إِنَّ الَّذِينَ يُنَادُونَكَ مِنْ وَرَاءِ الْحُجُرَاتِ أَكْثَرُهُمْ لا يَعْقِلُونَ (4) وَلَوْ أَنَّهُمْ صَبَرُوا حَتَّى تَخْرُجَ إِلَيْهِمْ لَكَانَ خَيْرًا لَهُمْ وَاللَّهُ غَفُورٌ رَحِيمٌ (5)
“Sesungguhnya orang-orang yang memanggil engkau (Muhammad) dari luar kamar (mu) kebanyakan mereka tidak mengerti. Dan sekiranya mereka bersabar sampai engkau keluar menemui mereka, tentu akan lebih baik bagi mereka. Dan Allah Maha Pengampun, Maha Penyayang.”
Selain itu, sikap sabar juga harus diterapkan dalam kehidupan suami-istri. Pasalnya, sabar merupakan faktor utama dalam keharmonisan keluarga. Pesan tersebut seperti yang tercantum dalam QS. An-Nisa: 19.

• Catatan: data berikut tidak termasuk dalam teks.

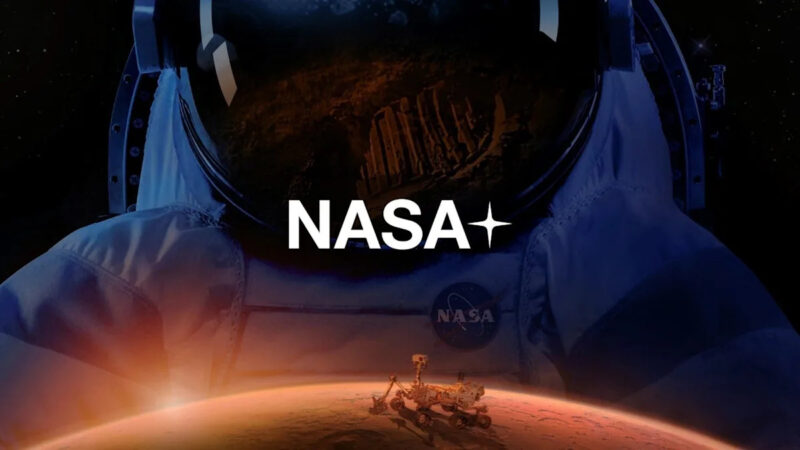 Netflix lance NASA+ cet été : comment regarder ?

يَا أَيُّهَا الَّذِينَ آمَنُوا لَا يَحِلُّ لَكُمْ أَن تَرِثُوا النِّسَاءَ كَرْهًا ۖ وَلَا تَعْضُلُوهُنَّ لِتَذْهَبُوا بِبَعْضِ مَا آتَيْتُمُوهُنَّ إِلَّا أَن يَأْتِينَ بِفَاحِشَةٍ مُّبَيِّنَةٍ ۚ وَعَاشِرُوهُنَّ بِالْمَعْرُوفِ ۚ فَإِن كَرِهْتُمُوهُنَّ فَعَسَىٰ أَن تَكْرَهُوا شَيْئًا وَيَجْعَلَ اللَّهُ فِيهِ خَيْرًا كَثِيرًا
“Hai orang-orang yang beriman, tidak halal bagi kamu mempusakai wanita dengan jalan paksa dan janganlah kamu menyusahkan mereka karena hendak mengambil kembali sebagian dari apa yang telah kamu berikan kepadanya, terkecuali bila mereka melakukan pekerjaan keji yang nyata. Dan bergaullah dengan mereka secara patut. Kemudian bila kamu tidak menyukai mereka, (maka bersabarlah) karena mungkin kamu tidak menyukai sesuatu, padahal Allah menjadikan padanya kebaikan yang banyak.”

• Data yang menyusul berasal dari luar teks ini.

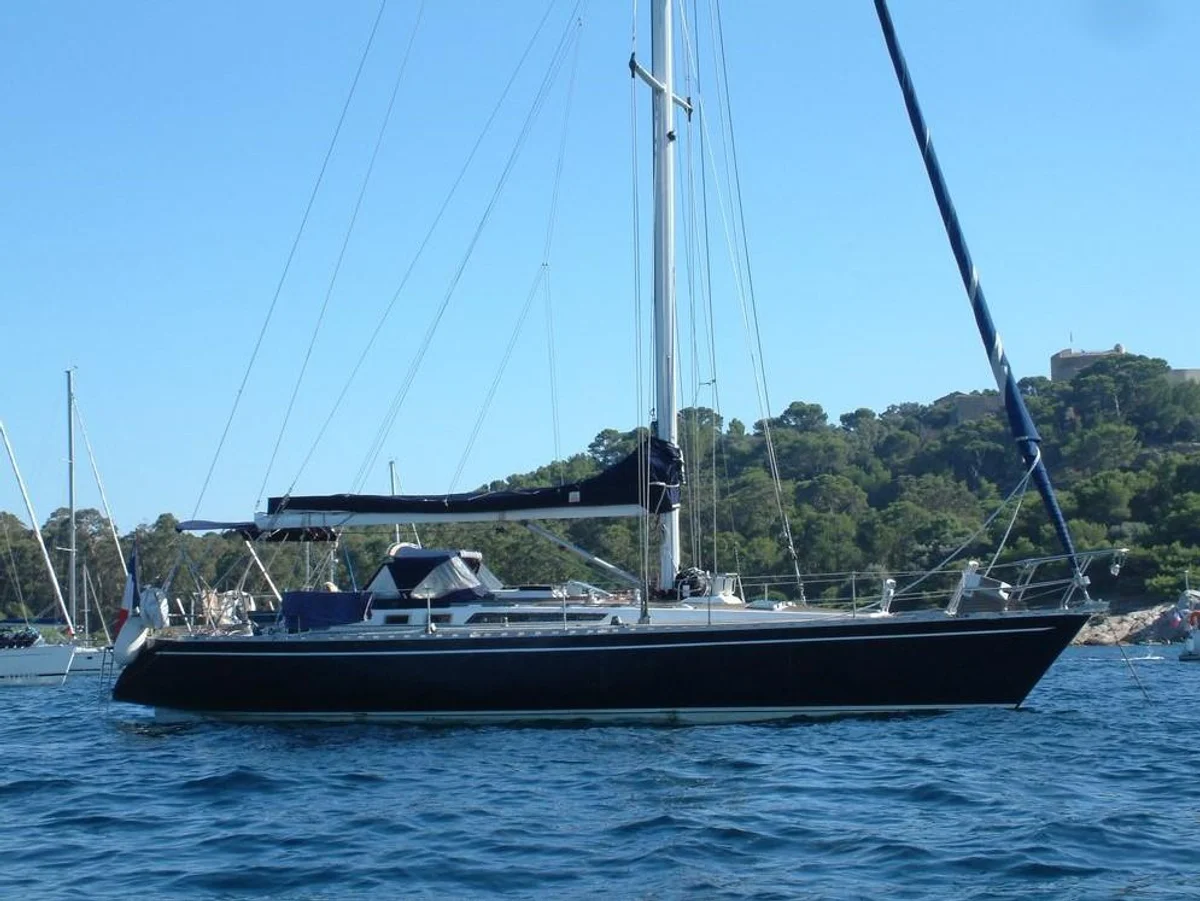 Beneteau First 456 1982 boat specs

Imam Al-Zamakhsari dalam Tafsir Al-Kasysyaf menjelaskan bahwa mu’asyarah bil ma’ruf secara umum ditafsirkan berlaku adil dalam hal tempat tinggal dan nafkah, serta memperhalus tutur kata.
Sementara, Wahbah Az-Zuhaili dalam Tafsir Al-Munir menafsirkan mu’asyarah bil ma’ruf sebagai berbicara bagus, memperbaiki perilaku dan penampilan, serta berperilaku adil dalam hal nafkah dan tempat tinggal.

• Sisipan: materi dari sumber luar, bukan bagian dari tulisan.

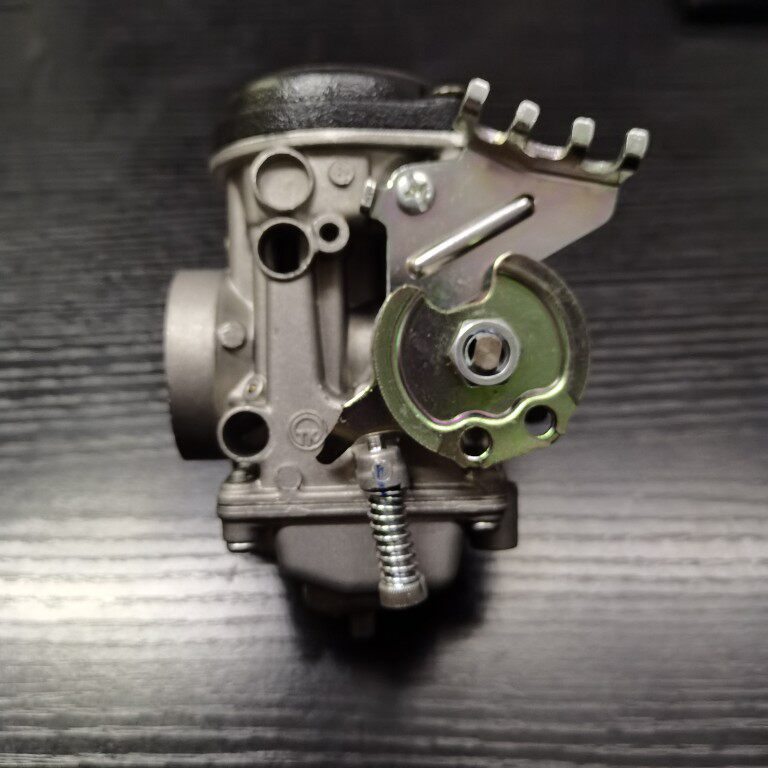 适用建设雅马哈配件 JYM125-9 XTZ 小兔子 越野化油器总成摩托车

Kata عَاشِرُو tak lain merupakan derivasi dari kata الــمُعاشَرَةُ yang memiliki fungsi musyarakah (kesalingan). Sehingga penggunaan kata muasyarah dalam ayat ini menurut Wahbah Az-Zuhaili mengusung semangat kesetaraan, sehingga perintah untuk mu’asyarah bil ma’ruf tidak hanya berlaku untuk pihak suami, pun pihak istri juga wajib meneguhkan prinsip ini.